In: Accounting
Countrywide financial statements presented signs of risk related to the possibility of losses with its loans. Explain one of those signs
Answer
In the given question, Countrywide Financial Statements presented signs of risks w.r.t. possibility of losses with its loans.
There are a number of different ways that a business can face financial risk. Some may be internal and others may be driven by external factors such as fluctuations in the financial markets or exchange rates.
Given below are some warning signals of a troubled company
1. Dwindling Cash or losses
2. Interest/Loan Installment Payments in doubt
3. Switching Auditors
4. Dividend Cut
5. Top management resignations
Explanation of Interest/Loan Installment Payments in doubt (Pt. # 2)

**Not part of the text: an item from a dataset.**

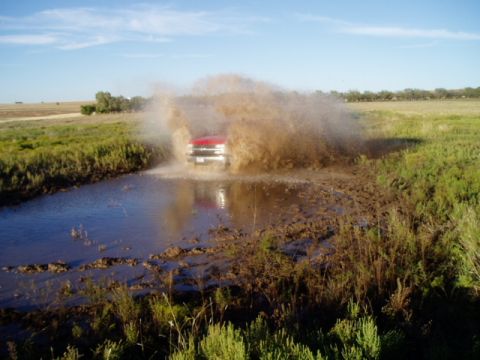 1990 Ford Bronco - A red truck creates a massive mud splash as it drives through a water-filled ditch in a grassy field.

A company's income statement will show what it pays to service its debt. There are metrics and ratios that measure a company's ability to cover its debt obligations. The current ratio (or cash ratio) is a calculation that assists in determining a company's ability to pay short-term debt obligations. It is calculated by dividing current assets by current liabilities. A ratio higher than 1.5 indicates that a company will have a high chance of being able to pay off its debt, whereas, a ratio of less than 1.5 indicates that a company will not be able to pay off its debt. In the above case, it can be one of the possible sign of risk regarding losses with its loans
In addition to the avove, the debt-service coverage ratio (DSCR) is a measurement of the cash flow available to pay current debt obligations. The ratio states net operating income as a multiple of debt obligations due within one year, including interest, principal, sinking-fund and lease payments. A ratio of less than 1 is not optimal because it reflects the company's inability to service its current debt obligations with operating income alone.